Research article - (2023)22, 760 - 768
DOI:
https://doi.org/10.52082/jssm.2023.760
Adaptations to Optimized Interval Training in Soccer Players: A Comparative Analysis of Standardized Methods for Individualizing Interval Interventions
Lu Dai1, Bixia Xie1,2,
1Institute of Physical Education, Central South University of Forestry and Technology, Changsha, Hunan, China
2Academic of forestry, Central South University of Forestry and Technology, Changsha, China

Bixia Xie
✉ Institute of Physical Education, Central South University of Forestry and Technology, Changsha 410004, Hunan, China
Email: xiebixia566@hotmail.com
Received: 01-09-2023 -- Accepted: 06-11-2023
Published (online): 01-12-2023

ABSTRACT

Accurately prescribing supramaximal interval training facilitates targeting desired physiological adaptations. This study compared the homogeneity of adaptations in cardiorespiratory parameters to supramaximal [i.e., intensities beyond maximal aerobic speed (MAS)] interval interventions prescribed using anaerobic speed reserve (ASR), the speed attained at the end of 30-15 Intermittent Fitness Test (VIFT), and MAS. Using repeated-measures factorial design, and during the off-season phase of the athletes’ yearly training cycle, thirty national-level soccer players (age = 19 ± 1.6 years; body mass = 78.9 ± 1.6 kg; height = 179 ± 4.7 cm; Body fat = 11 ± 0.9%) were randomized to interventions consisting of 2 sets of 6, 7, 8, 7, 8, and 9-min intervals (from 1st to 6th week), including 15 s running at ∆%20ASR (MAS + 0.2 × ASR), 120%MAS, or 95%VIFT followed by 15 s passive recovery. All ASR, VIFT, and MAS programs sufficiently stimulated adaptive mechanisms, improving relative maximal oxygen uptake [V̇O2max (p < 0.05; ES = 1.6, 1.2, and 1.1, respectively)], absolute V̇O2max (p < 0.05; ES = 1.5, 1.1, and 0.7), ventilation [V̇E (p < 0.05; ES = 1.6, 1.1, and 1.1)], O2 pulse [V̇O2/HR (p < 0.05; ES = 1.4, 1.1, and 0.6)], first and second ventilatory threshold [VT1 (p < 0.05; ES = 0.7, 0.8, and 0.7) and VT2 (p < 0.05; ES = 1.1, 1.1, and 0.8)], cardiac output [Q̇max (p = 1.5, 1.0, and 0.7)], and stroke volume [SVmax (p < 0.05; ES = 0.9, 0.7, and 0.5)]. Although there was no between-group difference for the change in the abovementioned variables over time, supramaximal interval training prescribed using ASR and VIFT resulted in a lower coefficient of variation [CV (inter-individual variability)] in physiological adaptations compared to exercise intensity determined as a proportion of MAS. Expressing the intensity of supramaximal interval programs according to the athlete’s ASR and VIFT would assist in accurately prescribing interventions and facilitate imposing mechanical and related physiological stimulus according to the athletes’ physiological ceiling. Such an approach leads to identical stimulation across athletes with differing profiles and potentially facilitates more homogenized adaptations.

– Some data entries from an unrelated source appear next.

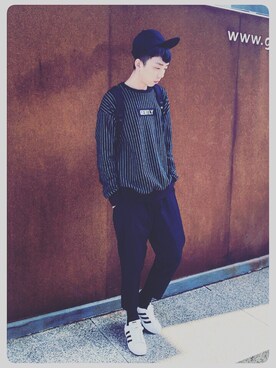 「planet（planet）のアイテム」を使った、Brandsonさん（メンズ・177cm）の冬コーディネート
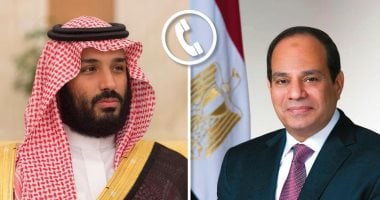 الرئيس السيسى يؤكد لولى العهد السعودى أهمية مواصلة تعزيز التعاون الثنائى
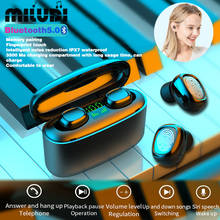 G5S TWS Mini Bluetooth беспроводные наушники 9D объемный звук музыкальные наушники Ipx7 водонепроницаемые спортивные наушники для работы на всех смартфонах 2022 - купить недорого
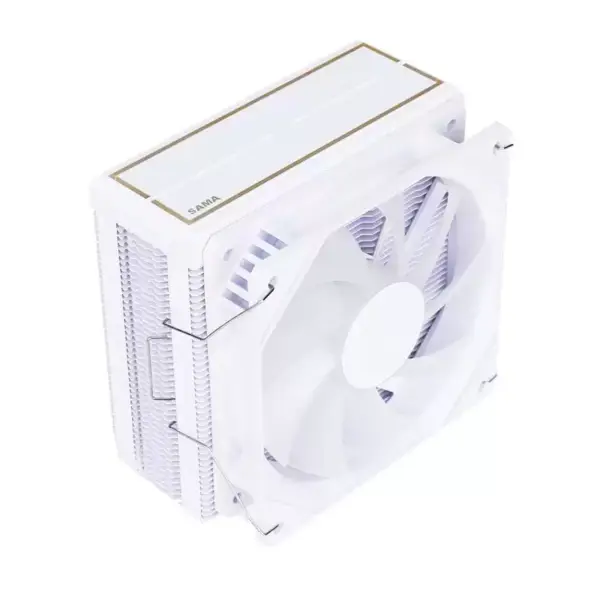Sama White Rainbow Rgb Herní počítačové chlazení Chladič tepelné trubice Procesor Chlazení vzduchu Cpu Vzduchové chladiče se 4 měděnými trubkami
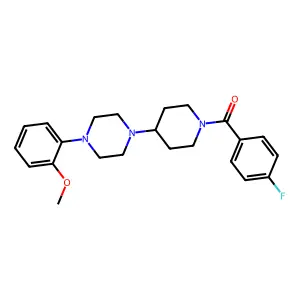 (4-Fluorophenyl){4-[4-(2-methoxyphenyl)piperazin-1-yl]piperidin-1-yl}methanone structure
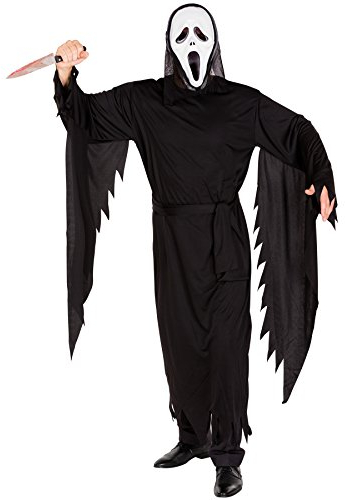 tectake dressforfun Schauriges Screaming Ghost Kostüm Ganzkörperkostüm inkl. Maske und Bindegürtel (L | Nr. 300112)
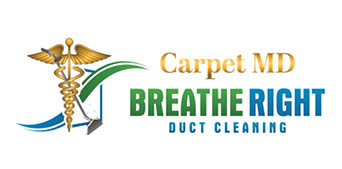 A logo for a carpet cleaning company. Description generated by AI
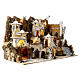 Neapolitan nativity scene with fountain in Arabic style 50x90x45 cm cork statues 8-10 cm s5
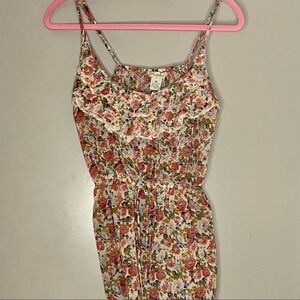 FUN & Flirt floral sheer summer ruffle tank Sz M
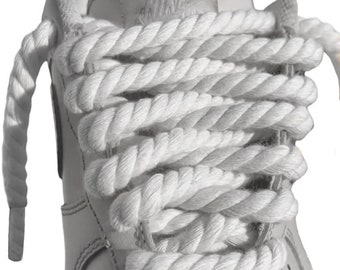 Thick Rope Shoe Laces Cream Sail Off White Braided Shoelaces Travis SB Dunk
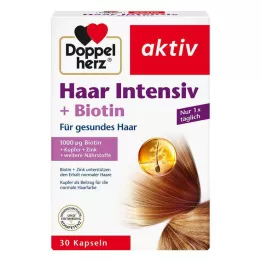DOPPELHERZ Hair Intensive+Biotin kapszula, 30 kapszula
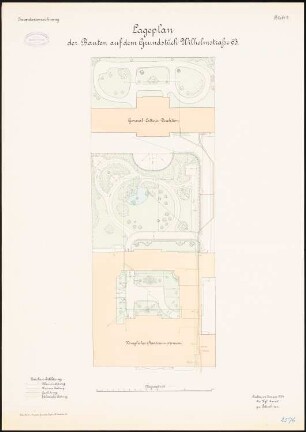 Dienstgebäude für das Preußische Staatsministerium und die General-Ordens-Kommission, Berlin: Lageplan 1:200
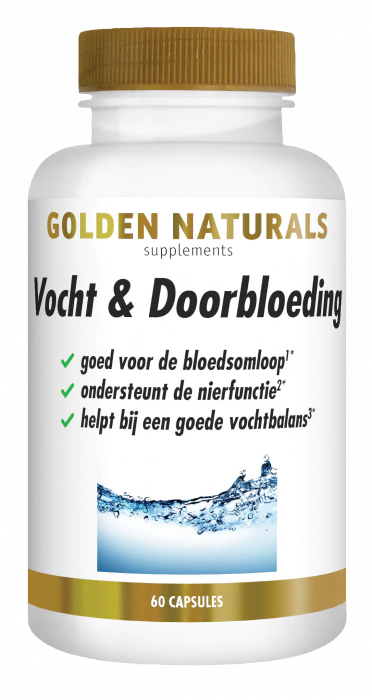 Golden Naturals Vocht & Doorbloeding 60 capsules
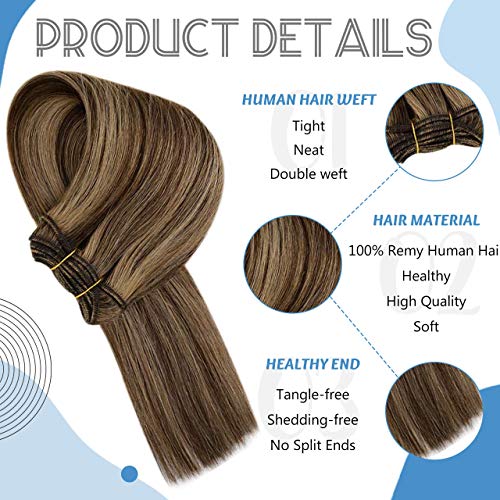 Remy Human Hair Weft Extensions 80g - Image 31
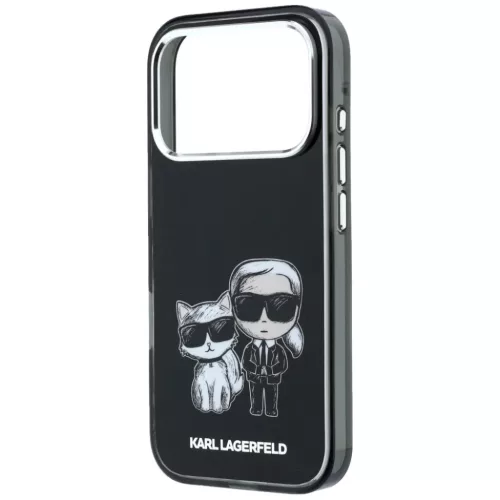  iPhone 18 Pro Max / 17 Pro Max fekete Karl Lagerfeld IML Karl&Choupet-3666339660970 6 kép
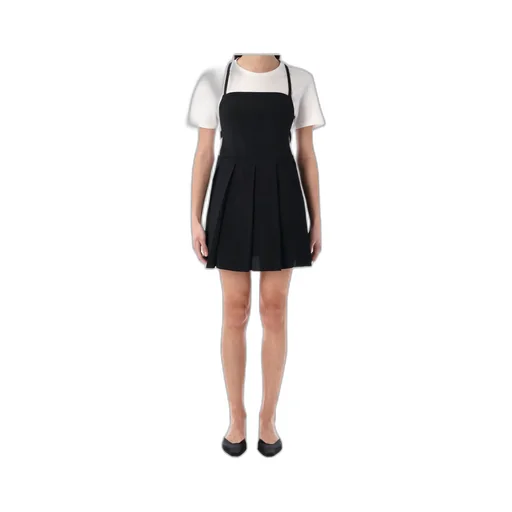 Pleated Short Dress
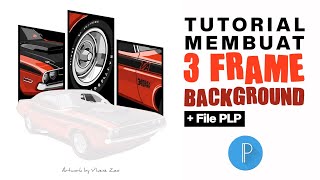 Cara membuat 3 frame background vector car di PixelLab screenshot 5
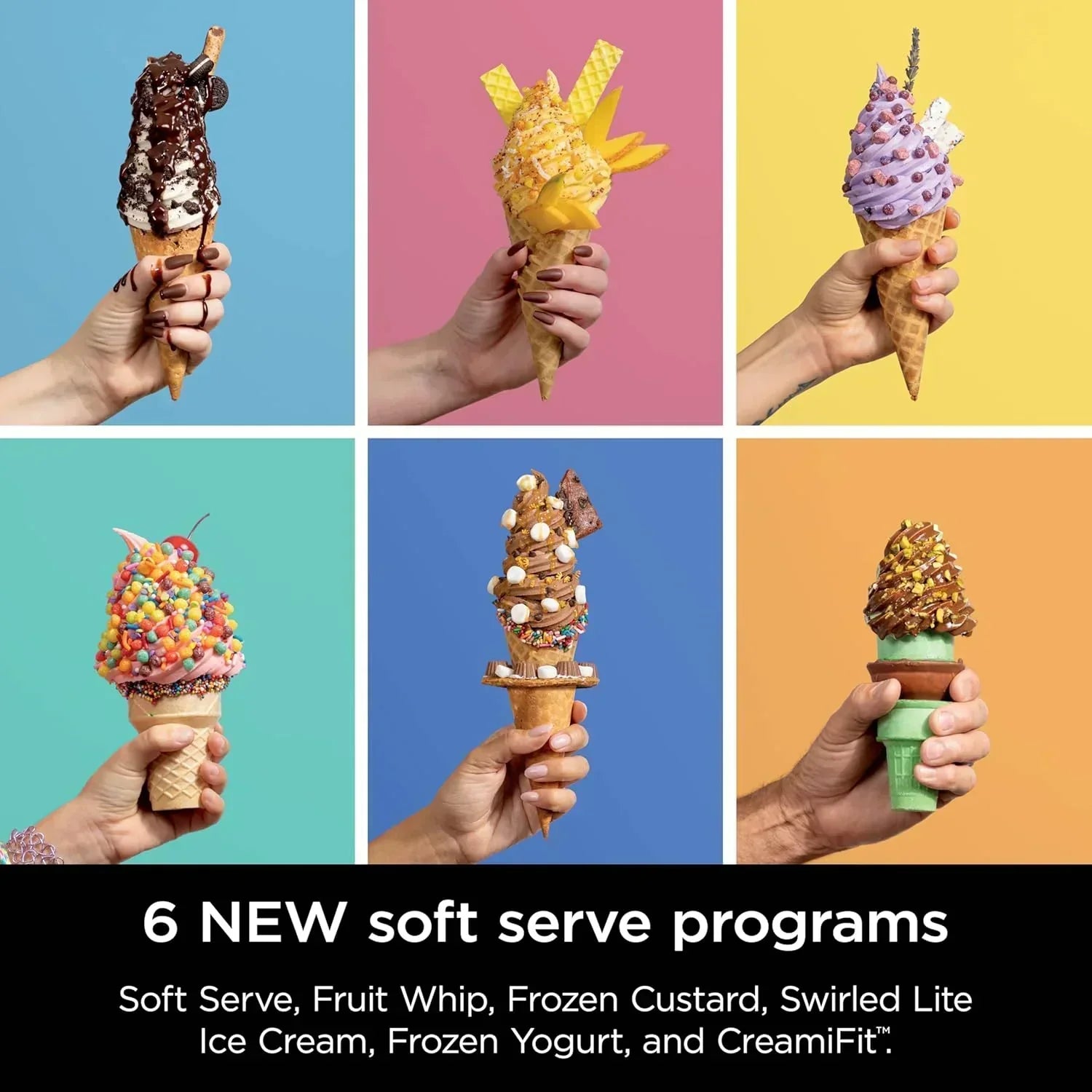 Ninja Swirl by CREAMi Ice Cream and Soft Serve Maker Frozen Yogurt Low Calories Program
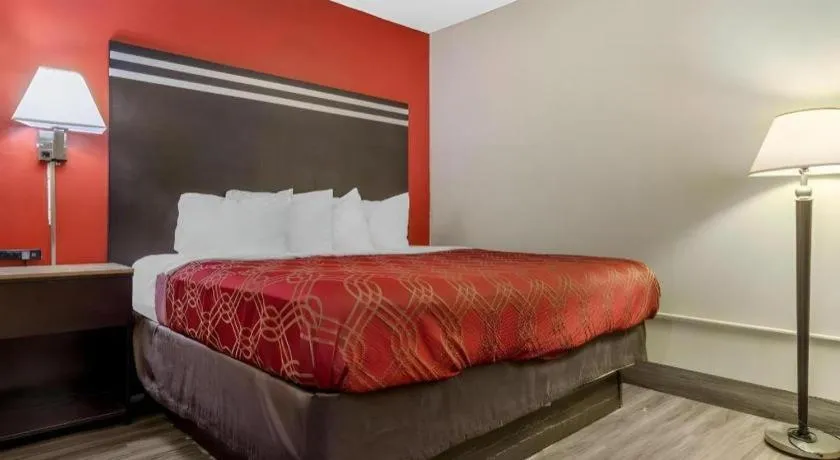 Bed in Econo Lodge Columbia Fort Jackson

Key words: Intermittent exercise, individualized intervention, cardiac function, maximal oxygen consumption, exercise prescription

Key Points
  • Expressing the intensity of supramaximal HIIT according to the athlete’s ASR and VIFT resulted in accurately prescribing interventions and normalizes mechanical stimulus according to the athletes’ physiological ceiling.
  • Such individualization ensures the creation of more identical physiological demands across athletes with different profiles and facilitates the same degrees of physiological adaptations.
  • Irrespective of the homogeneity of the adaptations to these HIIT interventions, all three methods sufficiently stimulated adaptive mechanisms and improved cardiorespiratory fitness in well-trained soccer players.